WHAT IS EXPECTED → Please restate word for word all lines from the one containing "319 Simon Bolivar Dr — Photo 8" to the final line of the entries, and include no pictures.
• • •
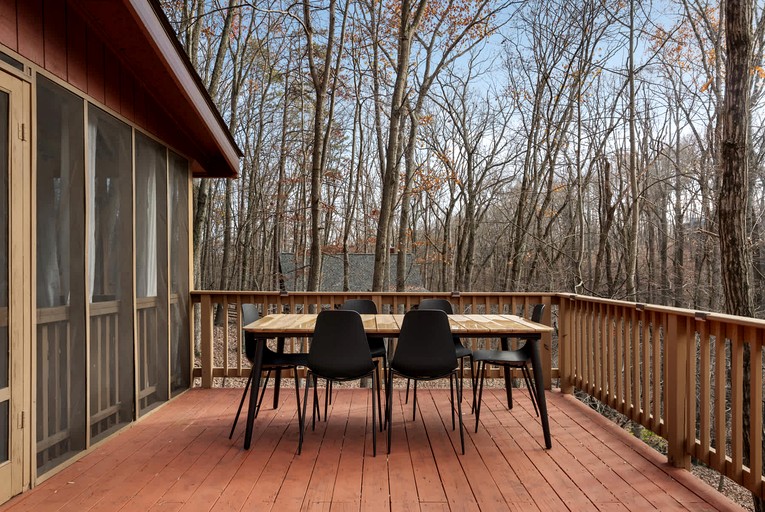 Cabins (United States of America, Hedgesville, West Virginia)
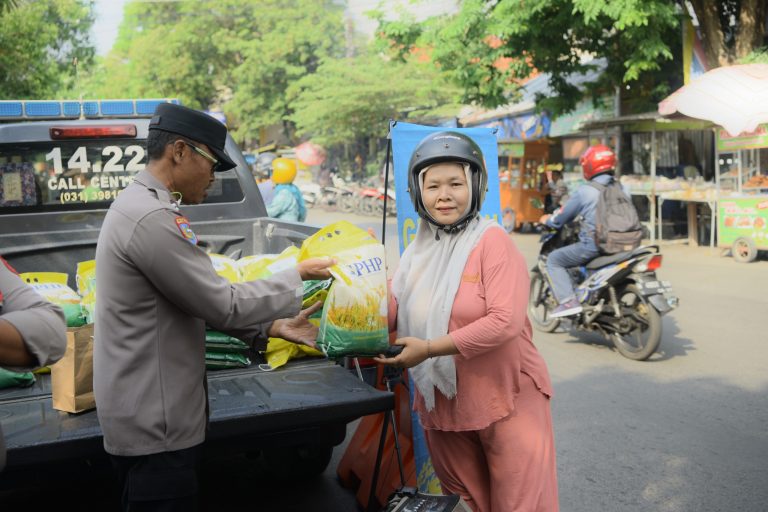 Senyum Sumringah Warga , Peroleh Beras Murah dari Polres Gresik di Hari Pangan Sedunia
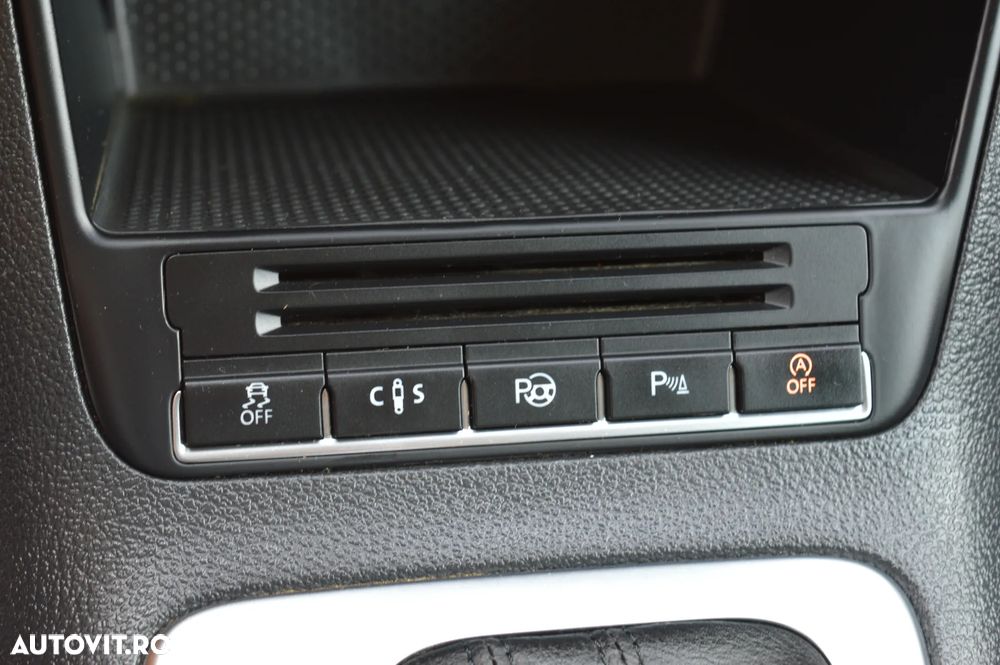Volkswagen Tiguan - 25
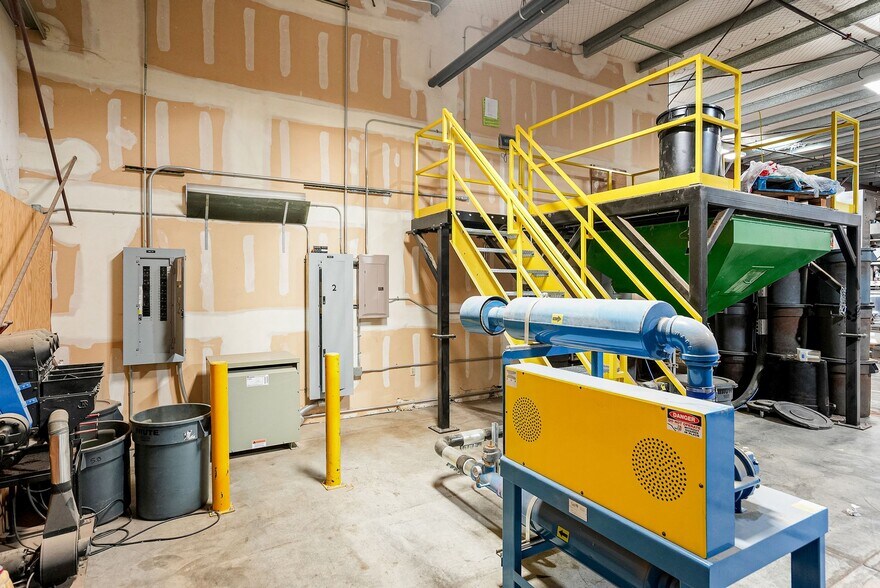 More Photos Of 1852 Fescue St SE, Albany Office For Sale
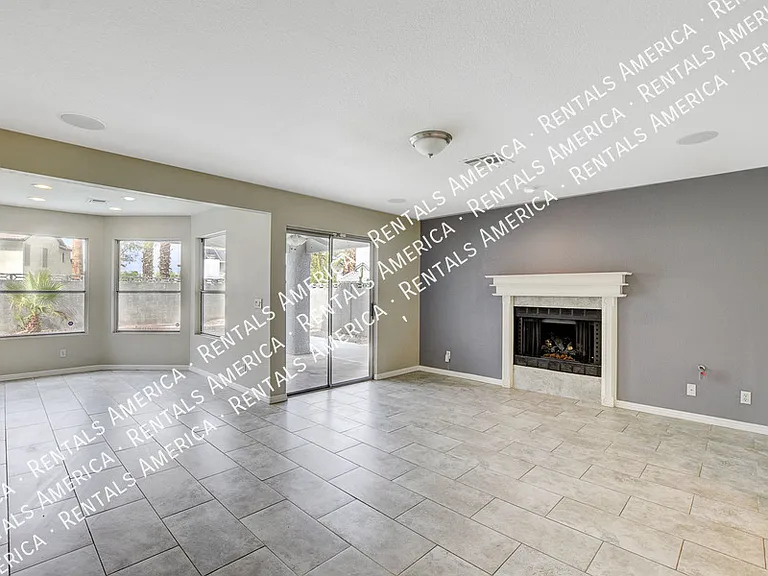 319 Simon Bolivar Dr — Photo 8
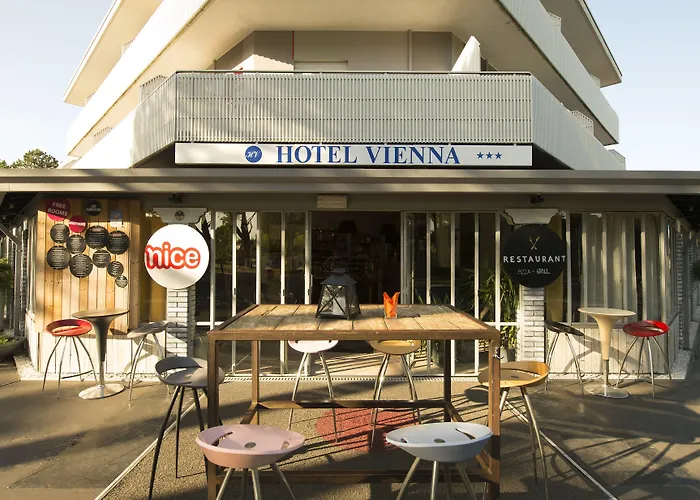 Nice Hotel Bibione Отель 3*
• • •
OUTPUT FOR THIS TASK →
 319 Simon Bolivar Dr — Photo 8
 Nice Hotel Bibione Отель 3*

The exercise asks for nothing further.